* Goal of the exercise *
Starting with the line below that holds "and more durable" and stopping after the line that holds "Nordwik messenset 3-delig, Geperst", transcribe the lines exactly, leaving out all pictures.

* Input records *
Start of Block

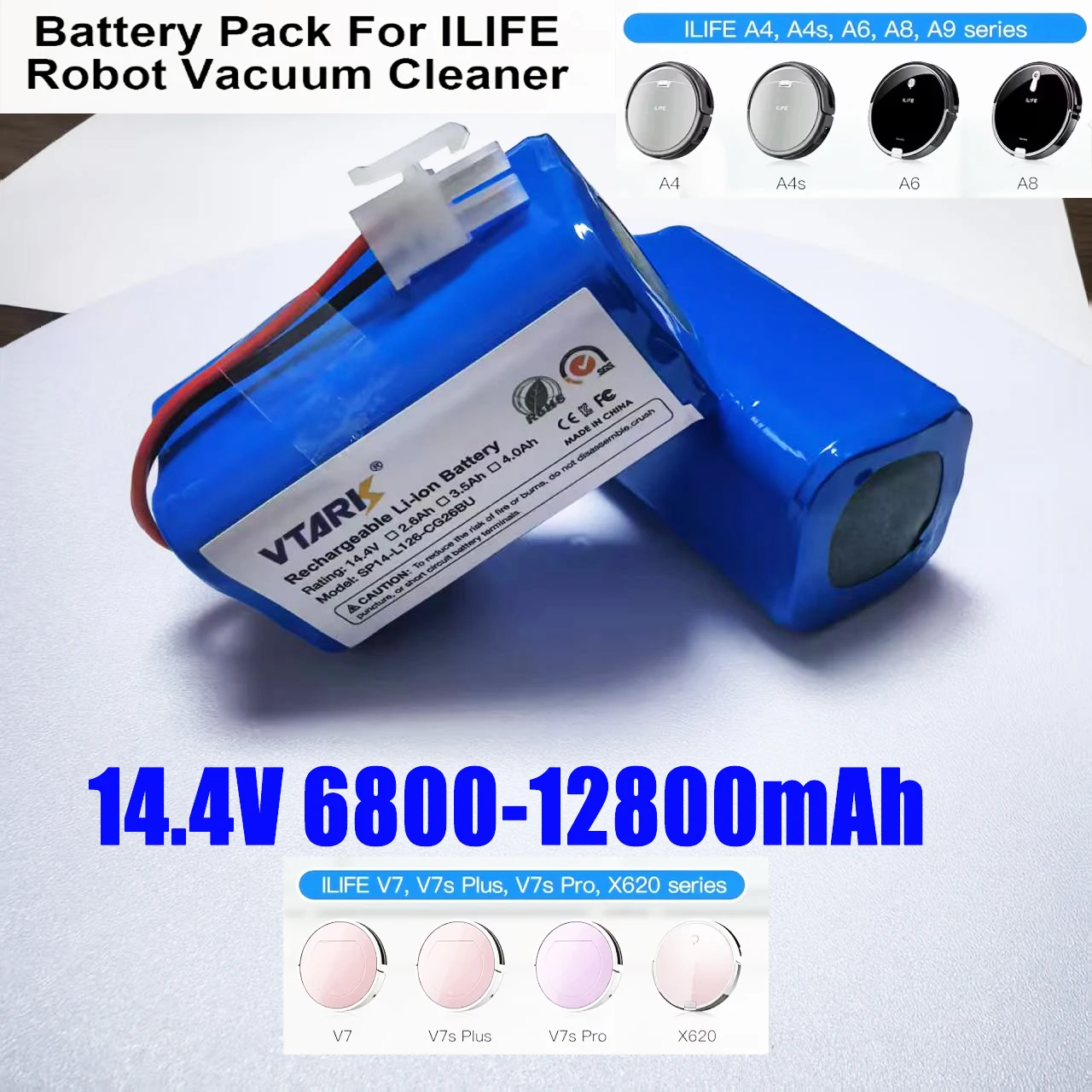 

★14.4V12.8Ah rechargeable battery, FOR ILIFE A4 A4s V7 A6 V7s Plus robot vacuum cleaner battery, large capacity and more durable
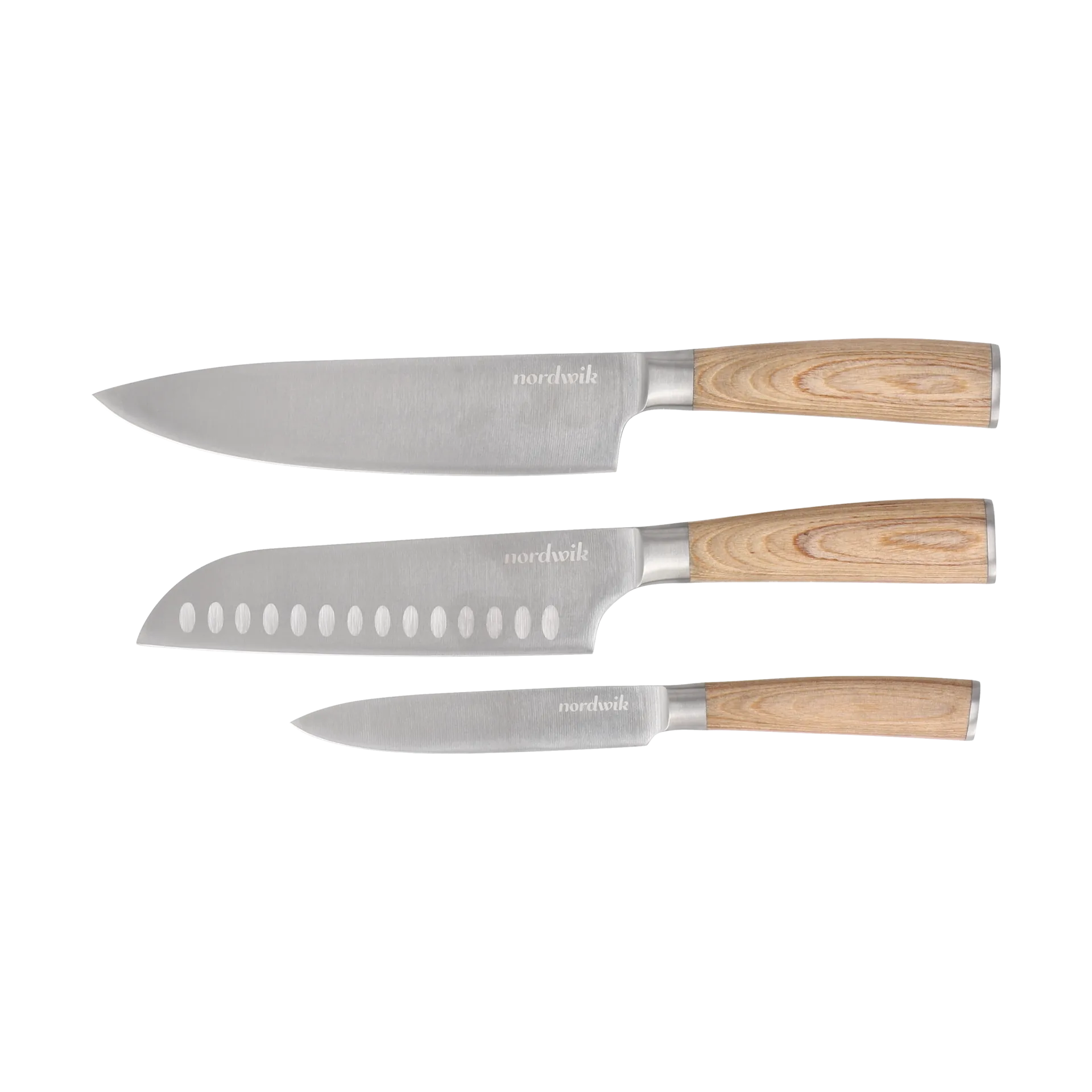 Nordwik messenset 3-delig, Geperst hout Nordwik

End of Block
Start of Block

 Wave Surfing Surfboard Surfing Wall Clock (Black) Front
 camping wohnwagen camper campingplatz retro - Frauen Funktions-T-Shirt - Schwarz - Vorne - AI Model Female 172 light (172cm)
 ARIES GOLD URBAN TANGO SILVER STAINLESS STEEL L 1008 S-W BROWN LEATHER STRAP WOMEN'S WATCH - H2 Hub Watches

End of Block
Start of Block

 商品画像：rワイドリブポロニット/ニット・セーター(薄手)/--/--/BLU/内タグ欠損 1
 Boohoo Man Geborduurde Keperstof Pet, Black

End of Block

* Result of the exercise *
★14.4V12.8Ah rechargeable battery, FOR ILIFE A4 A4s V7 A6 V7s Plus robot vacuum cleaner battery, large capacity and more durable
 Nordwik messenset 3-delig, Geperst hout Nordwik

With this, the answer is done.